UC biologist presents lecture on Monarch migration patterns
Professor Patrick Guerra explores how butterflies navigate long-distance journeys
By: Keshav Vinod
How do monarch butterflies hatched in Ohio find their way nearly 2,000 miles to their wintering grounds in the mountains of Mexico?
University of Cincinnati professor Patrick Guerra will help explain that mystery during a free public lecture 2 p.m. June 9 at UC's Center for Field Studies.
Guerra, an assistant professor of biological sciences in UC's McMicken College of Arts and Sciences, will give a talk titled "Monarch Butterfly Migration in a Dynamic and Changing World."

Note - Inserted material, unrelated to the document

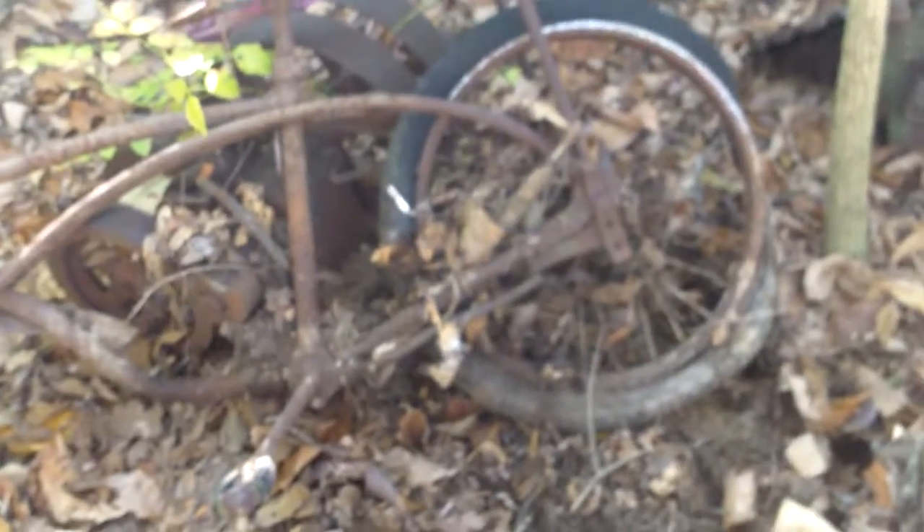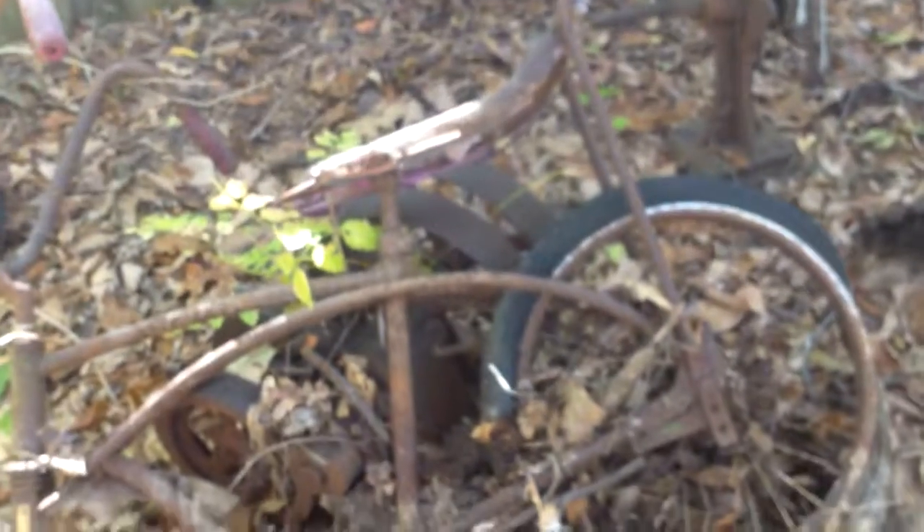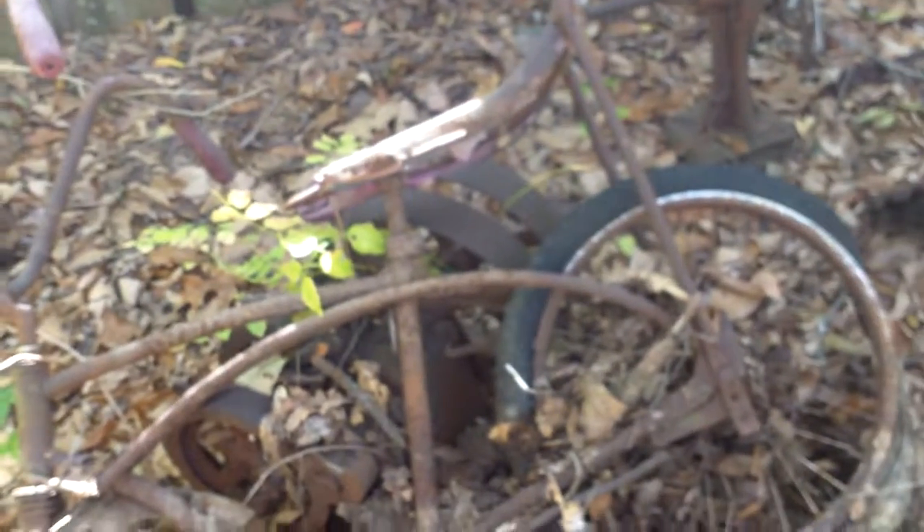I just dug up what I think is an old Schwinn Stingray bicycle from like the 60s or 70s. I just dug it up out of the ground at Uncle Richard's.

“An advantage of using monarchs as a model for studying migratory phenomena is that you can rear and test them under controlled and field conditions,” said Guerra, who has conducted extensive research and study into the migration of Monarch butterflies. “Monarchs are also amenable to both laboratory and field-based experiments and observations.”
The UC Center for Field Studies at the edge of Miami Whitewater Forest is a good place to see monarchs and other butterflies scattered across its acres of wildflower fields.
The presentation will explore how butterflies move and disperse. The main goal is to understand how they can both orient and navigate during such long-distance journeys. Guerra's talk also will explore how environmental stressors can negatively impact butterfly movement and highlight the resilience of these behavioral patterns in the face of climate change.
“Monarch butterflies use various compass mechanisms to help them orient during their annual long-distance migration in North America,” Guerra said. “Monarchs sense cues from their environment to help guide their trip. Changing environmental conditions can potentially prevent monarchs from successfully using these compass mechanisms during their journey.”
According to Guerra, factors such as global warming and climate change also play a big role in migration patterns. For Monarch butterflies, changes can interfere with the cues that mediate the migratory behavior. Monarch butterflies use a time-compensated sun compass for orientation during migration. This compass is calibrated by a specific temperature. These changing temperatures can hinder the navigational abilities of the butterflies.
"Monarch Butterfly Migration in a Dynamic and Changing World" will be presented 2 p.m. Sunday, June 9, at UC's Center for Field Studies, 11053 Oxford Road in Harrison.